[WHAT TO DO]:
An exact copy of every entry is required, minus the pictures.

Top of SOURCE DATA

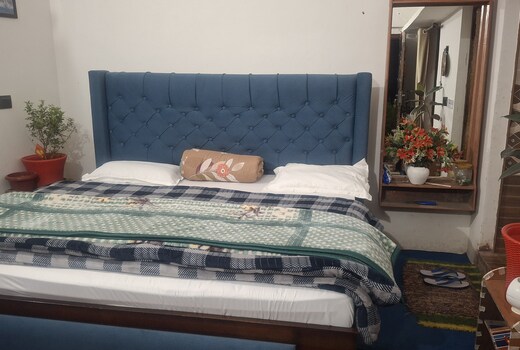 Sunriser Homestay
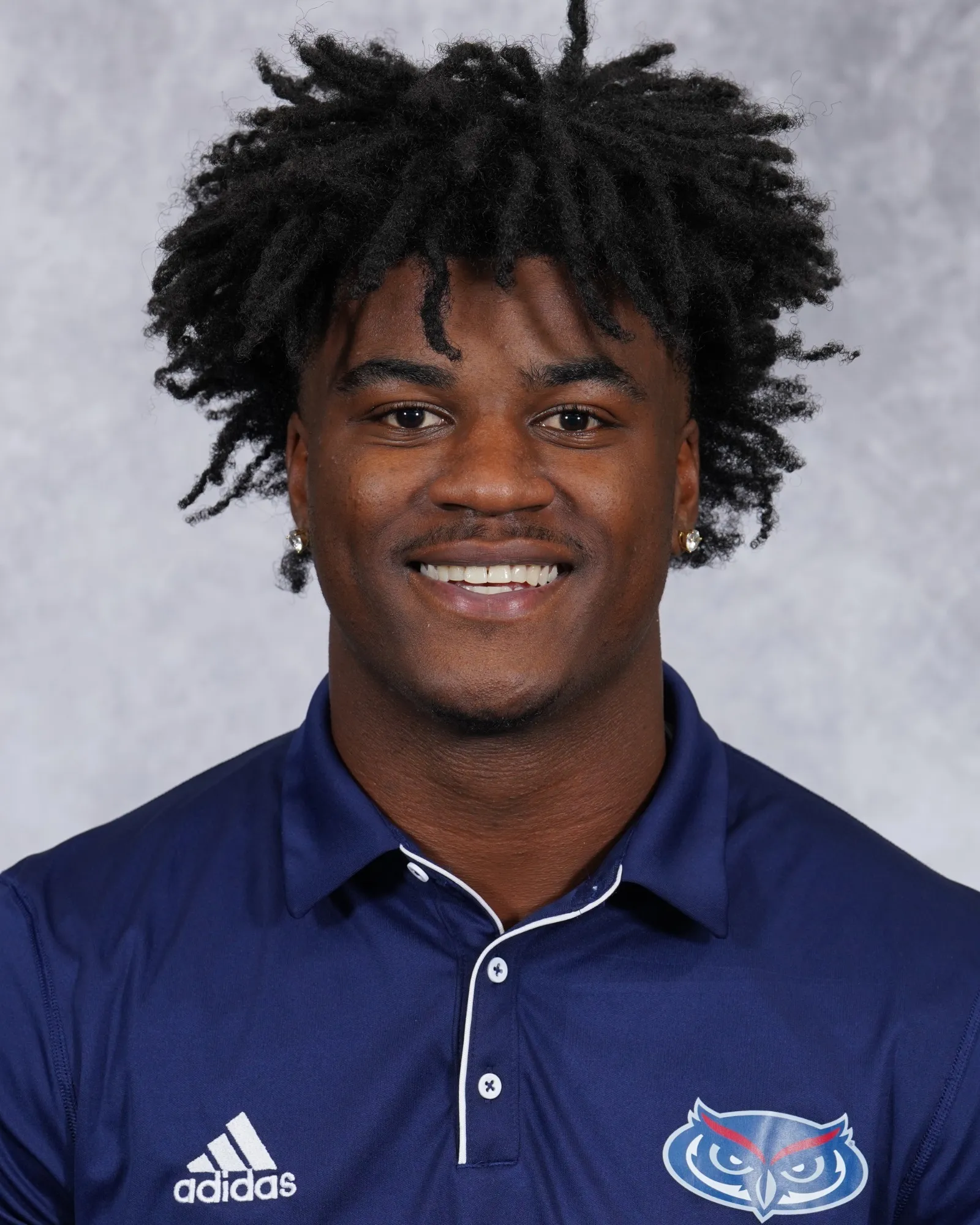 Ja'Cari Jackson, Football, Florida Atlantic University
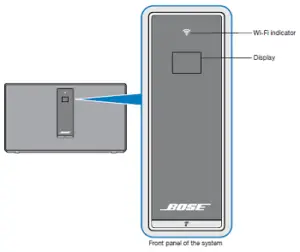 Getting system information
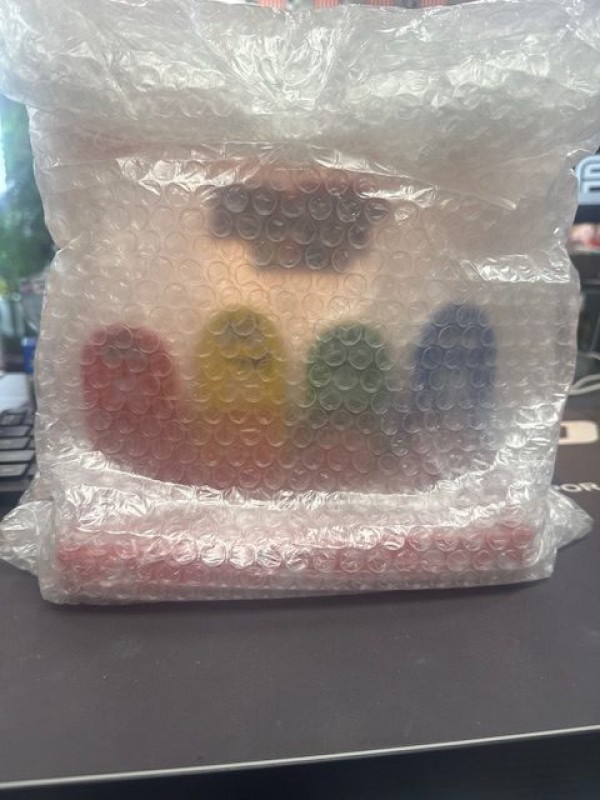 ｍ＆ｍ’ｓの新グッズ到着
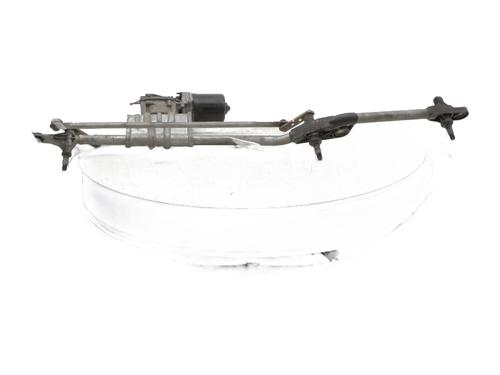 Front wiper motor RENAULT SCÉNIC II (JM0/1_) 1.9 dCi (JM0G, JM12, JM1G, JM2C) | BP28075631M29 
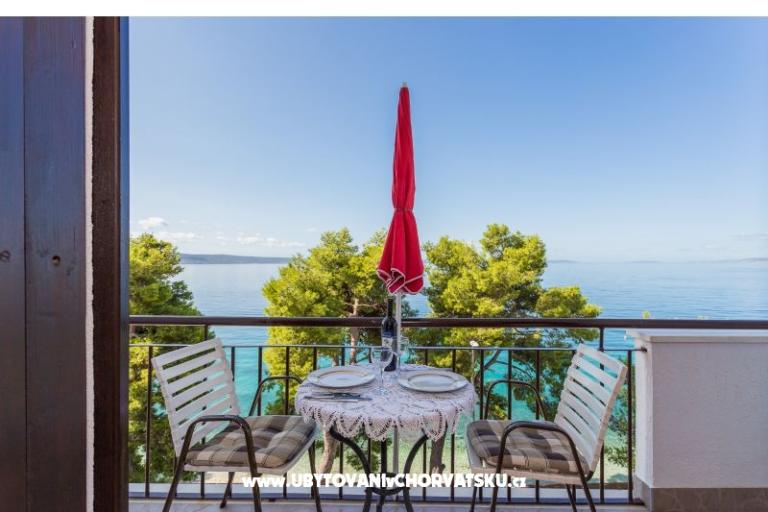 Apartmány Ivica – foto 8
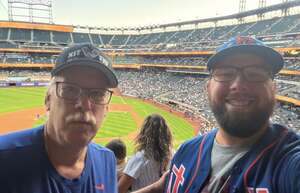 New York Mets - MLB vs Baltimore Orioles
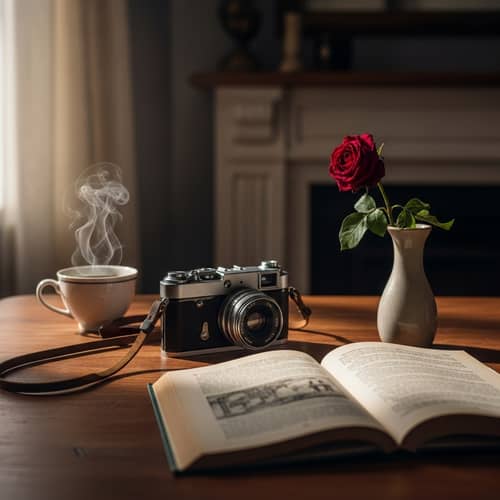 Stunning Bodegon Artistry Collection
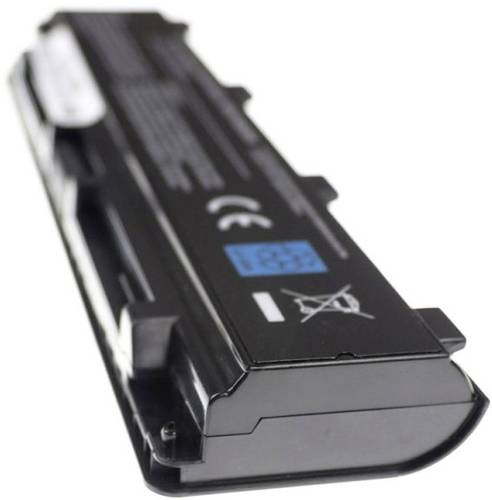 Green Cell Notebook-Akku 10.8V 4400 mAh Toshiba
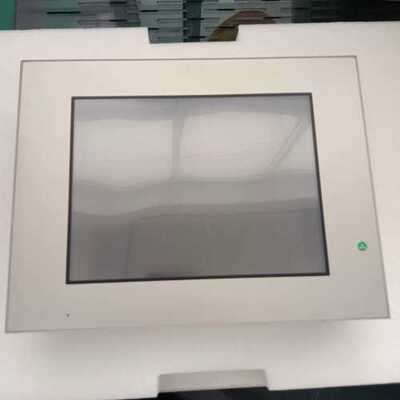 触摸屏PFXGP4501TADW成色如图，23个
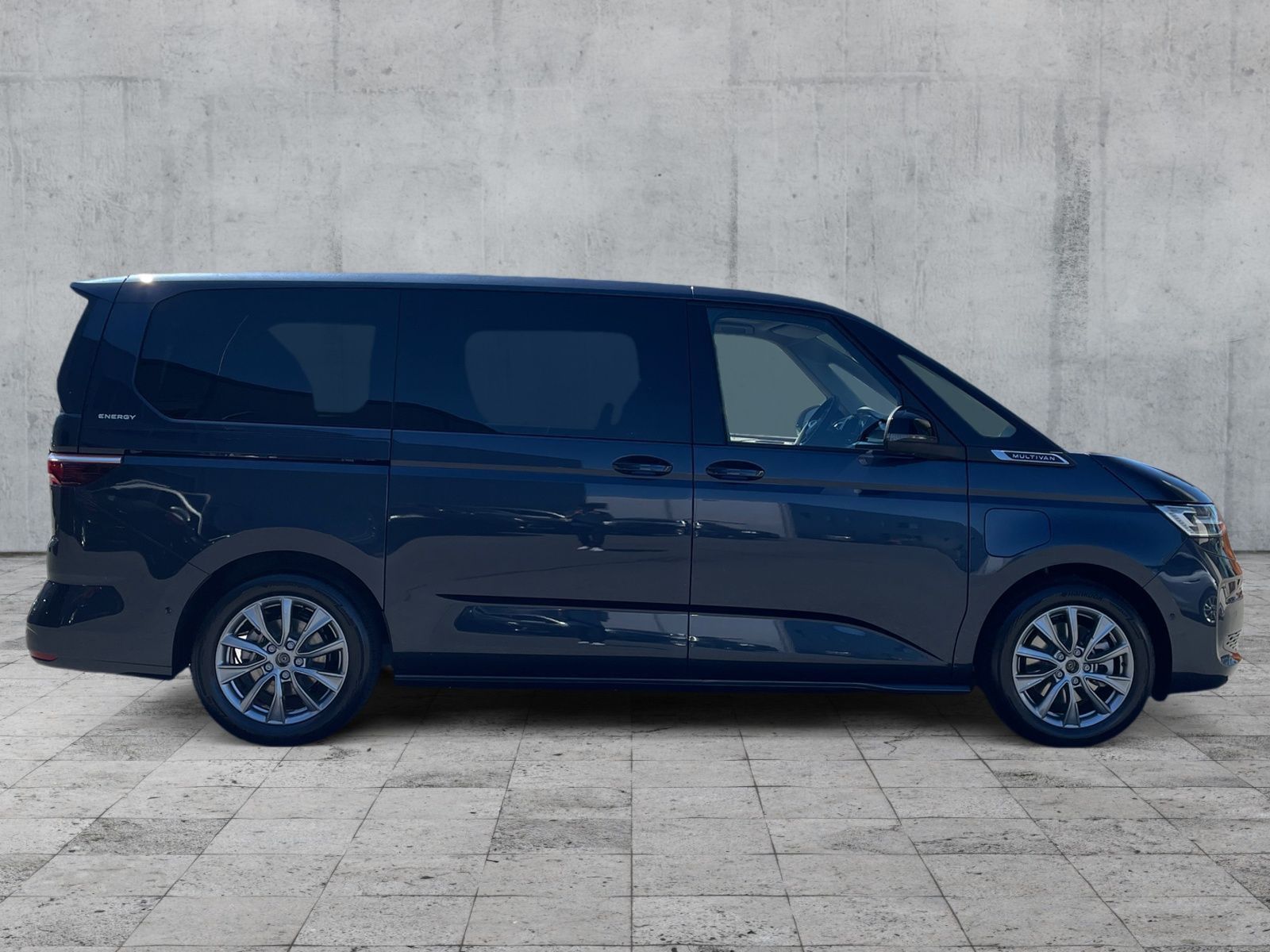 Volkswagen T7 Multivan LR eHybrid OPF Life 4motion DSG DCP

Bottom of SOURCE DATA

[EXERCISE RESULT]:
 Sunriser Homestay
 Ja'Cari Jackson, Football, Florida Atlantic University
 Getting system information
 ｍ＆ｍ’ｓの新グッズ到着
 Front wiper motor RENAULT SCÉNIC II (JM0/1_) 1.9 dCi (JM0G, JM12, JM1G, JM2C) | BP28075631M29 
 Apartmány Ivica – foto 8
 New York Mets - MLB vs Baltimore Orioles
 Stunning Bodegon Artistry Collection
 Green Cell Notebook-Akku 10.8V 4400 mAh Toshiba
 触摸屏PFXGP4501TADW成色如图，23个
 Volkswagen T7 Multivan LR eHybrid OPF Life 4motion DSG DCP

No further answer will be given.